Naquela noite, 6 de setembro, oito caças da IAF decolaram para atacar o reator nuclear sírio. Os pilotos foram instruídos a evitar abater aviões inimigos, a menos que interferissem na missão, de modo a evitar a escalada. Após duas horas de vôo, os aviões chegaram ao seu destino e lançaram dezessete toneladas de explosivos no reator, destruindo-o além do reparo.

Aguardando nervosamente a resposta de Assad, os formuladores de políticas israelenses ficaram aliviados ao ouvir de Yadlin, poucas horas após o ataque, que a inteligência israelense não identificou nenhuma atividade síria que pudesse indicar uma resposta militar contra Israel. De fato, pouco depois, o governo sírio emitiu uma declaração oficial de que suas forças de defesa aérea haviam frustrado uma tentativa de ataque aéreo israelense, expulsando a aeronave israelense do território sírio.

Conclusão

Embora a destruição do reator nuclear sírio constituísse uma aplicação clara da Doutrina Begin, segundo a qual Jerusalém não permitiria que nenhum de seus inimigos obtivesse armas nucleares, havia uma grande diferença no processo de tomada de decisão que levou a essa ação. Ao contrário do primeiro-ministro Begin, que optou por manter Washington no escuro sobre sua decisão de destruir o reator nuclear iraquiano, Olmert não apenas considerou necessário envolver o governo dos EUA no processo de tomada de decisão, mas esperava que bombardeasse o reator, aliviando assim seu gabinete da necessidade de tomar esta decisão excruciante. O fato de Jerusalém ter sido forçada a seguir sozinha contra a clara preferência de Washington pela opção diplomática ressalta a dificuldade em executar a Doutrina Begin, mesmo com uma administração amigável dos EUA.

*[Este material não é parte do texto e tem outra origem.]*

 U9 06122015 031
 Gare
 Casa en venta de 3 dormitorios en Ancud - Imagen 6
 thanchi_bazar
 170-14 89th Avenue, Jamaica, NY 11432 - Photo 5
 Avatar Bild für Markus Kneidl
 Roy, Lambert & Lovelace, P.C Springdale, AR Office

Ao contrário de Begin, que optou por manter Washington no escuro, Olmert considerou necessário envolver os Estados Unidos.

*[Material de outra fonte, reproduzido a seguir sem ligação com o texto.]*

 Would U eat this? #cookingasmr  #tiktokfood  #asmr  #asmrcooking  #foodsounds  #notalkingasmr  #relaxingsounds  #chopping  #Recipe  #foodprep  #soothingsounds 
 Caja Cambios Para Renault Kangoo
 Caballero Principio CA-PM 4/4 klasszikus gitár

Isso torna o desafio enfrentado pelo atual governo israelense em relação ao Irã muito maior do que aquele enfrentado por seus antecessores. Não só o governo Biden é menos simpático à situação nuclear de Israel (e muito mais tolerante com o regime islâmico em Teerã) do que os governos Reagan e George W. Bush, mas a destruição da extensa infraestrutura nuclear do Irã exigiria uma campanha de bombardeio sustentada, acompanhada talvez por meio de operações terrestres, algo que os israelenses podem não conseguir por conta própria, certamente não sem o apoio e apoio dos EUA. Além disso, Teerã tem capacidades de retaliação muito maiores, tanto diretamente quanto por meio de milícias e organizações terroristas, do que as dos regimes de Saddam Hussein ou Bashar Assad.

Ainda não se sabe se o governo Bennett-Lapid ousará implementar a Doutrina Begin, desafiando o governo Biden.